First question here. I need to download a specific pdf from every url. I need just the pdf of the european commission proposal from each url that I have, which is always in a specific part of the page
[Here the part from the website that I would always need in pdf form]. The European Commission proposal
And here is the html code of it (The part that is interesting for me is :
"http://www.europarl.europa.eu/RegData/docs_autres_institutions/commission_europeenne/com/2020/0791/COM_COM(2020)0791_EN.pdf" is the pdf that I need, as you can see from the image )
[<a class="externalDocument" href="http://www.europarl.europa.eu/RegData/docs_autres_institutions/commission_europeenne/com/2020/0791/COM_COM(2020)0791_EN.pdf" target="externalDocument">COM(2020)0791</a>, <a href="http://www.europarl.europa.eu/RegData/docs_autres_institutions/commission_europeenne/com/2020/0791/COM_COM(2020)0791_EN.pdf" target="_blank">
<span class="ep_name">
COM(2020)0791
</span>
<span class="ep_icon"> </span>
</a>, <a href="http://www.europarl.europa.eu/RegData/docs_autres_institutions/commission_europeenne/com/2020/0791/COM_COM(2020)0791_EN.pdf" target="_blank">
<span class="ep_name">
COM(2020)0791
</span>
<span class="ep_icon"> </span>
</a>]
I used the subsequent code for the task, so that it takes every url from my csv file and it goes in each page to download every pdf. The problem is that with this approach it takes also other pdf which I do not need. It is fine for me if it downloads it but I need to distinguish them from the part where they are downloaded, this is why i am asking here to download all the pdf from just one specific subsection. So if it is possible to distinguish them in the name by section it would be also fine, for now this code gives me back 3000 pdfs, i need around 1400, one for each link, and if it keeps the name of the link it could be also easier for me, but is not my main worry since they are ordered in order of recall from the csv file and it will be easy to tidy them after.

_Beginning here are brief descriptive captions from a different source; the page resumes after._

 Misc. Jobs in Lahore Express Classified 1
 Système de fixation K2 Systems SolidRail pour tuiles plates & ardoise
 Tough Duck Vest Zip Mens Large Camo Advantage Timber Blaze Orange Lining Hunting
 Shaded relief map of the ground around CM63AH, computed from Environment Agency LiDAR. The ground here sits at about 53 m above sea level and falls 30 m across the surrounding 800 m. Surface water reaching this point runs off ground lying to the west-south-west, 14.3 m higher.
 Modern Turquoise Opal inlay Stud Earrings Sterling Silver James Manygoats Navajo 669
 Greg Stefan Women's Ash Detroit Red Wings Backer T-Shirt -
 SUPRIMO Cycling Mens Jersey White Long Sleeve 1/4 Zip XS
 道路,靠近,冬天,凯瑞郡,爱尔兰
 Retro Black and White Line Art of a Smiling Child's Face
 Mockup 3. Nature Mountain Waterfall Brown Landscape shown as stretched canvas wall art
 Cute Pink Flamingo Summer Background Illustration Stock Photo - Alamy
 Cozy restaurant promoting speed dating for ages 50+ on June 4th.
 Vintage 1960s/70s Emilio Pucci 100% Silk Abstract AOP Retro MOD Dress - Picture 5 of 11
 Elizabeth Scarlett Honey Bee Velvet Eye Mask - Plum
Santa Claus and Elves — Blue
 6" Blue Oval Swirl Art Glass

In synthesis this code here needs to become a code which downloads only from one part of the site, instead of all of it:
import os
import requests
from urllib.parse import urljoin
from bs4 import BeautifulSoup
#import pandas
#data = pandas.read_csv('urls.csv')
#urls = data['urls'].tolist()
urls = ["http://www.europarl.europa.eu/oeil/FindByProcnum.do?lang=en&procnum=OLP/2020/0350", "http://www.europarl.europa.eu/oeil/FindByProcnum.do?lang=en&procnum=OLP/2012/0299", "http://www.europarl.europa.eu/oeil/FindByProcnum.do?lang=en&procnum=OLP/2013/0092"]
#url="http://www.europarl.europa.eu/oeil/FindByProcnum.do?lang=en&procnum=OLP/2013/0092"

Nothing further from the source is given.